What the task requires |
Entries below include pictures. Output exactly the lines from the one with "winklerschulbedarf-de" down to the one with "360 ������ head-up ���������", both ends included, and leave the pictures out.

Records for the exercise |
● ● ● ● ● ● ●
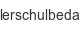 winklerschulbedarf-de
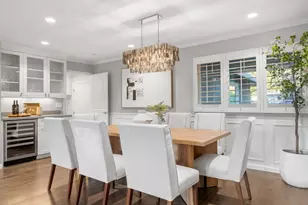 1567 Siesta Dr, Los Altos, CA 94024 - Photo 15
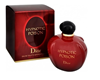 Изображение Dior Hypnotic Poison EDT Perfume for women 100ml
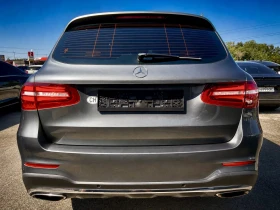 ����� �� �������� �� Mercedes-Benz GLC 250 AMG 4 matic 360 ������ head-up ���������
● ● ● ● ● ● ●
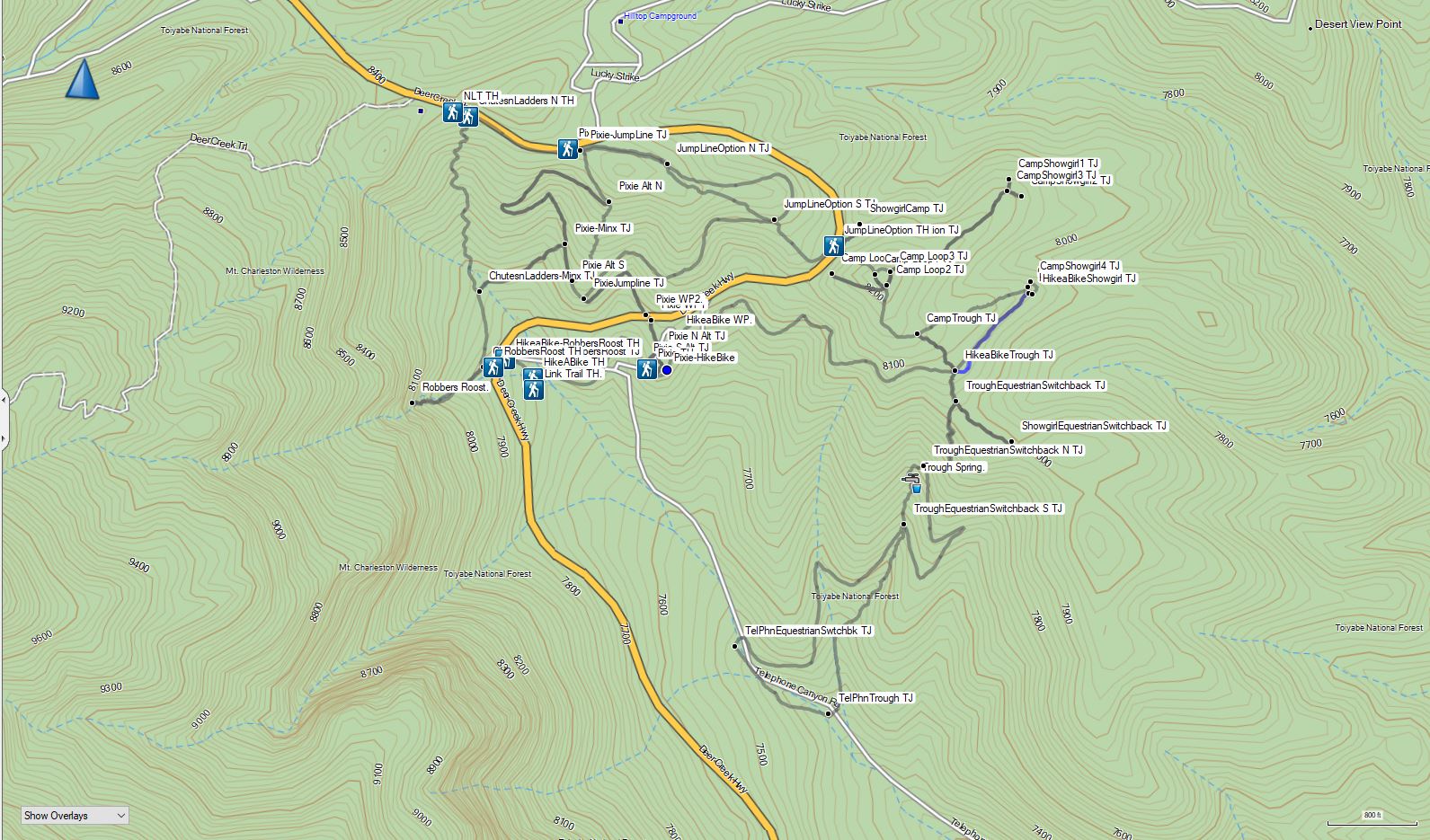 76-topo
● ● ● ● ● ● ●
Completed task |
 winklerschulbedarf-de
 1567 Siesta Dr, Los Altos, CA 94024 - Photo 15
 Изображение Dior Hypnotic Poison EDT Perfume for women 100ml
 ����� �� �������� �� Mercedes-Benz GLC 250 AMG 4 matic 360 ������ head-up ���������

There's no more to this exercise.